- Power type: Steam
- Builder: Juniata Shops
- Build date: 1886–1892
- Total produced: 8
- Configuration:: ​
- • Whyte: 0-4-0ST
- Gauge: 1,435 mm (4 ft 8+1⁄2 in)
- Driver dia.: 44 in (1,100 mm)
- Fuel type: Coal
- Cylinders: Two
- First run: 1886
- Last run: 1957
- Retired: 1957
- Withdrawn: 1957
- Disposition: All scrapped

= Pennsylvania Railroad class A1 =

The Pennsylvania Railroad (PRR) class A1 was a class of 0-4-0 type steam locomotives.
== History ==
The class A1 was built from 1886 to 1892, when 0-4-0s were being used by other railroads. In time, larger 0-6-0 locomotives were introduced and superseded them on other railroads. However, the Pennsylvania Railroad had many tightly-curving track ways, as well as lines running through suburban areas.
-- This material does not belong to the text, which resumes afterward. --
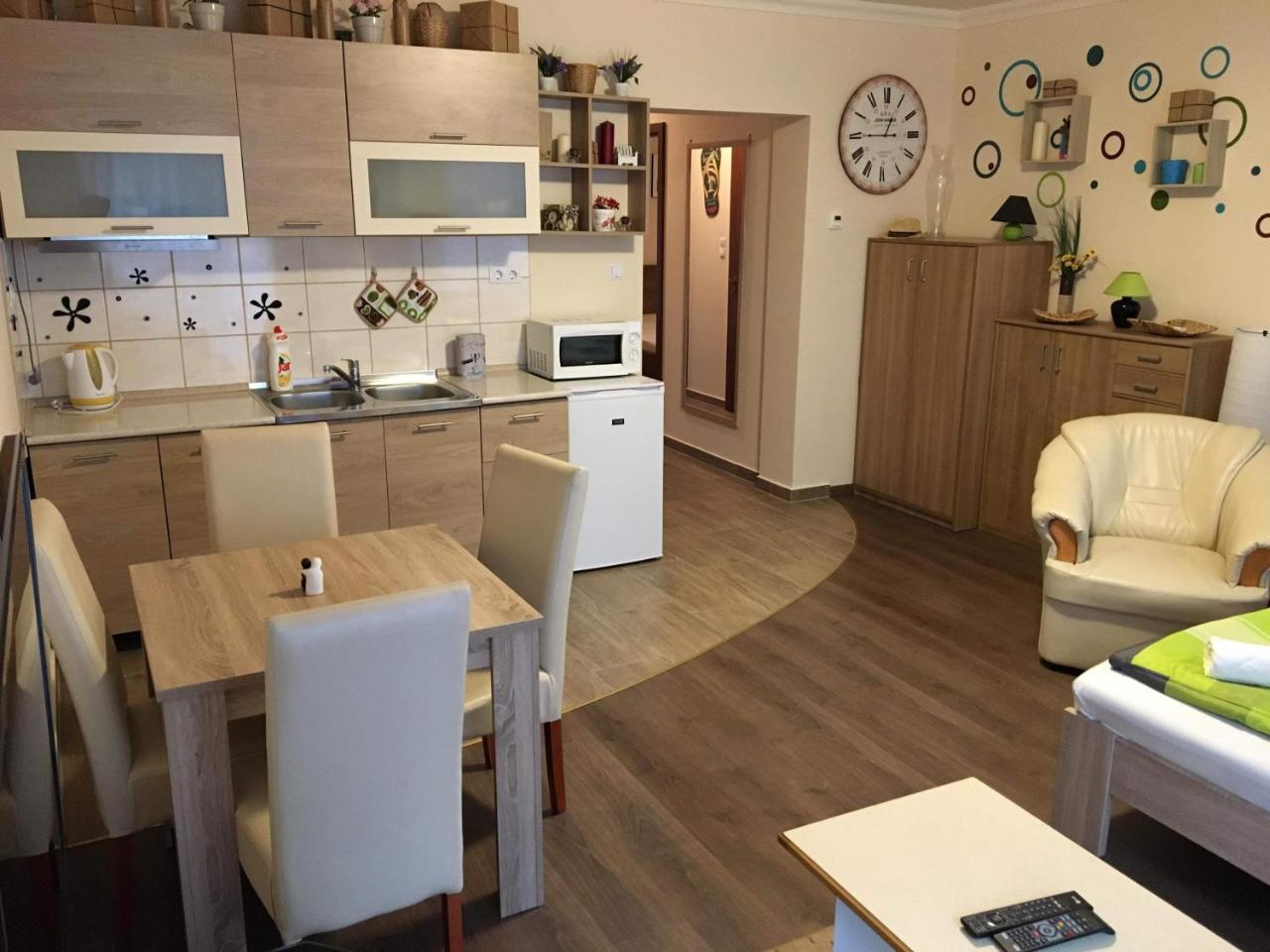 My Home Apartman Hajduszoboszlo Luaran gambar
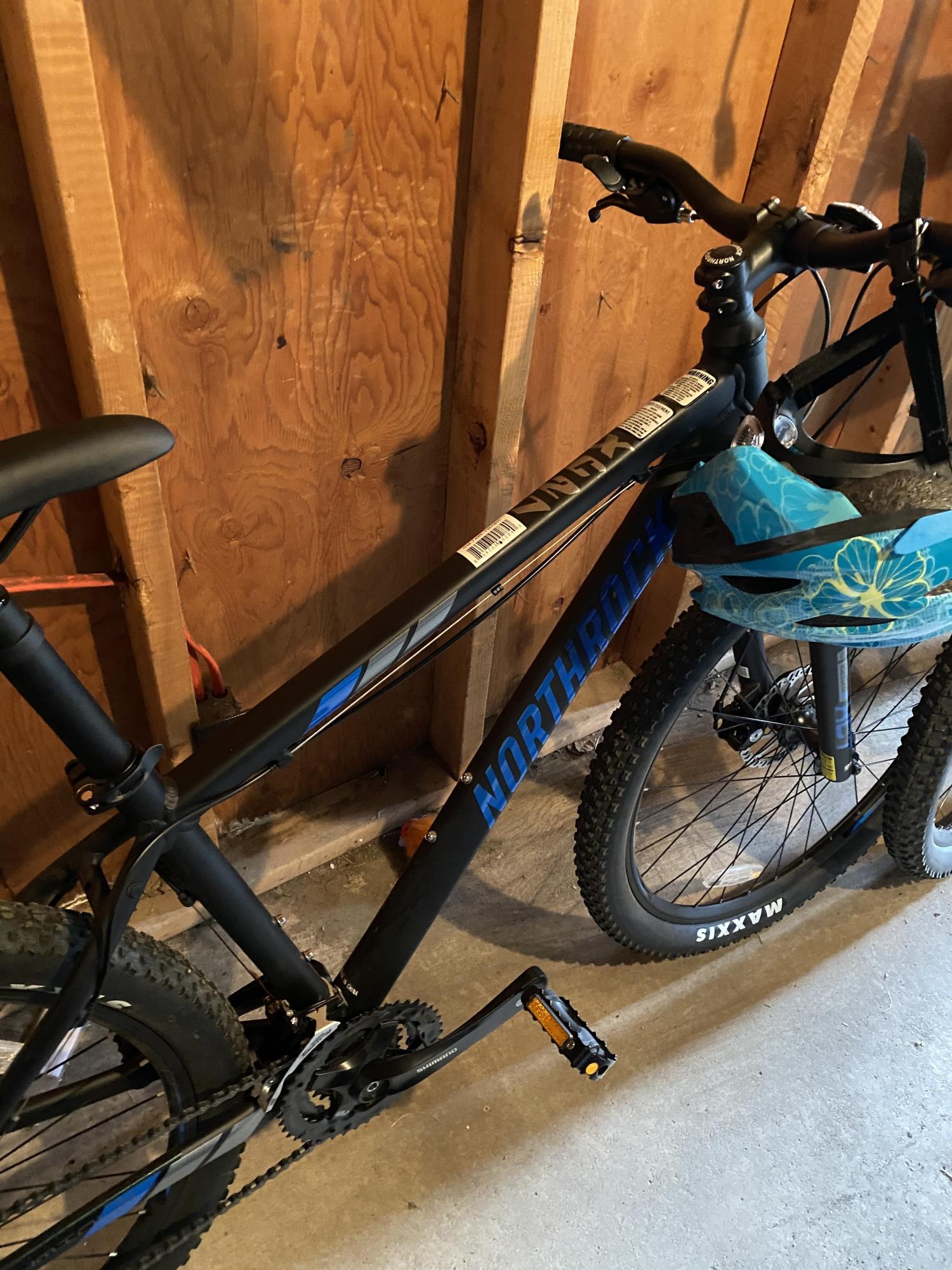 Northrock XCT Suntour Black and Blue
The PRR thus elected to use the small locomotives to operate these tight and confined tracks.

By the 1920s, class A1 was greatly replaced by the even larger class A5s, the largest 0-4-0s on the PRR at the time. By the 1950s, as the diesel switchers became available for easier and more efficient switching duties, the PRR started to replace the 0-4-0s and 0-6-0s (such as the class B6sb switchers) with diesel switchers. The last of the A1s were withdrawn in 1957, and all were ultimately scrapped.